Following Mutscheller, Stickles, Gmitter, Poskon, Creaney and Casper, and preceding Bavaro, Smith, McBride, Brown, Fasano, Carlson, Rudolph, Eifert, Niklas and, yes, Alize Jones, Ken MacAfee shifted the paradigm and broke records for tight end receiving.
MacAfee was big enough when he came from a state championship in Brockton, MA, the home of Rocky Marciano. He dressed out at 6’4” 250 lbs, the same measurements as Hart, albeit 30 years later.
Dan Devine, with his pro experience, valued tight ends as receivers and was gleeful when Ara left him the legacy of Ken MacAfee.
Devine did not wait, even with a quarterback rotation that remained confused in ’75 and ’76 and MacAfee exploded and was a first team All-American in ’75, then following up be earning consensus All-American honors in ’76 and ’77. He also won the ’77 Walter Camp Award and was an Academic All-America in ’77.
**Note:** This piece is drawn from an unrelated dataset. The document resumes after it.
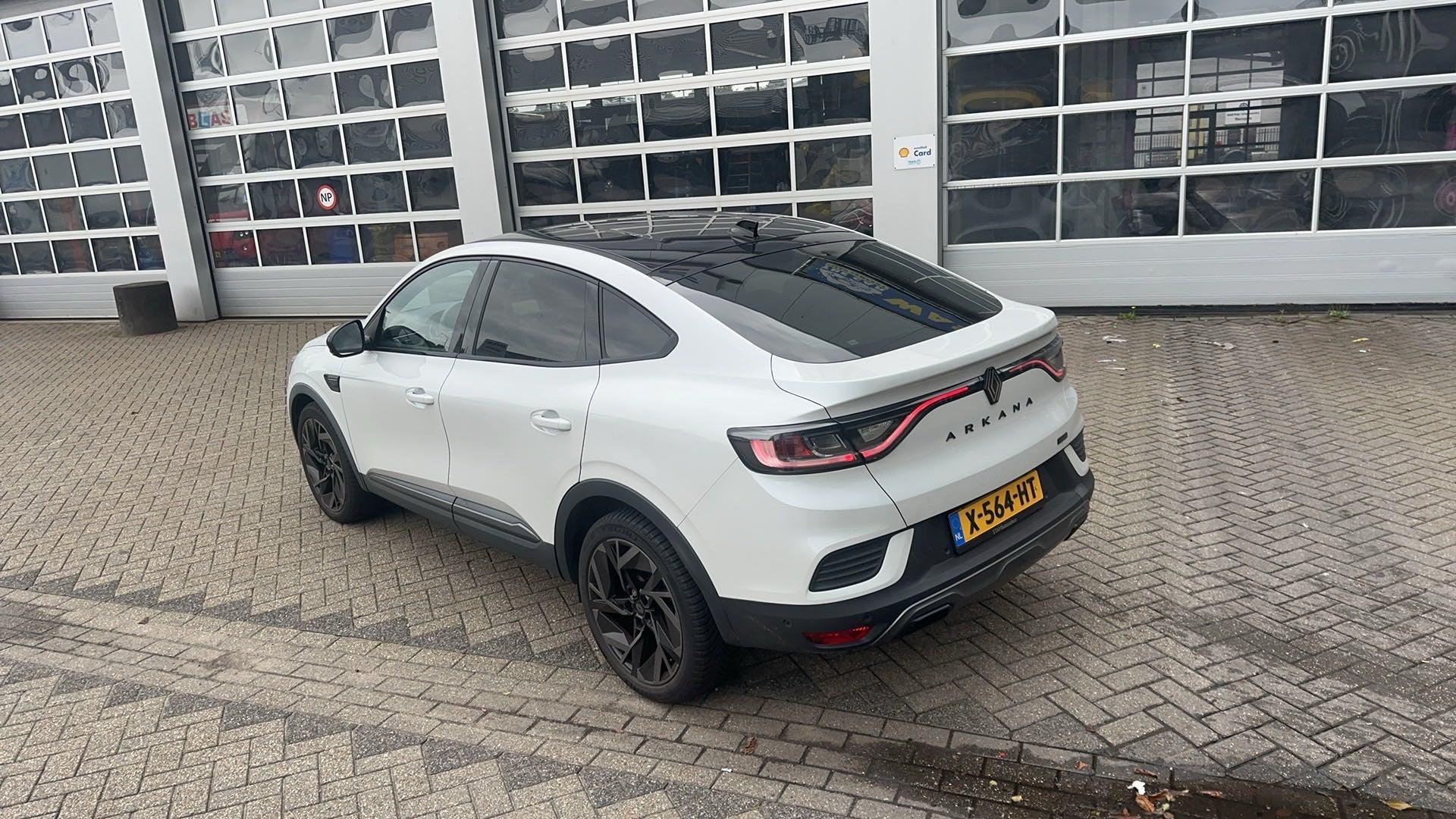 Renault Arkana esprit Alpine E-Tech full hybrid 145 - Afbeelding 3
After catching passes from a rogues’ gallery in ’75 and ’76, MacAfee found sympatico with Joe Montana in 1977. MacAfee exploded for 54 catches for 797 yaards and 6 TDS in the ‘77 Champioship Season. Those number were mind-boggling back in n ’77.
For his career MacAfee snagged 128 passes for 15 TDS and 1759 yards. Ken MacAfee, even with all the intervening stars at Tight End, remains the career leading receiver for Notre Dame tight ends.
The reputation of “Tight End University” has been earned by many great players, but Ken MacAfee and Leon Hart are the two most prominent.
MacAfee was inducted into the College Football Hall of Fame in 1997.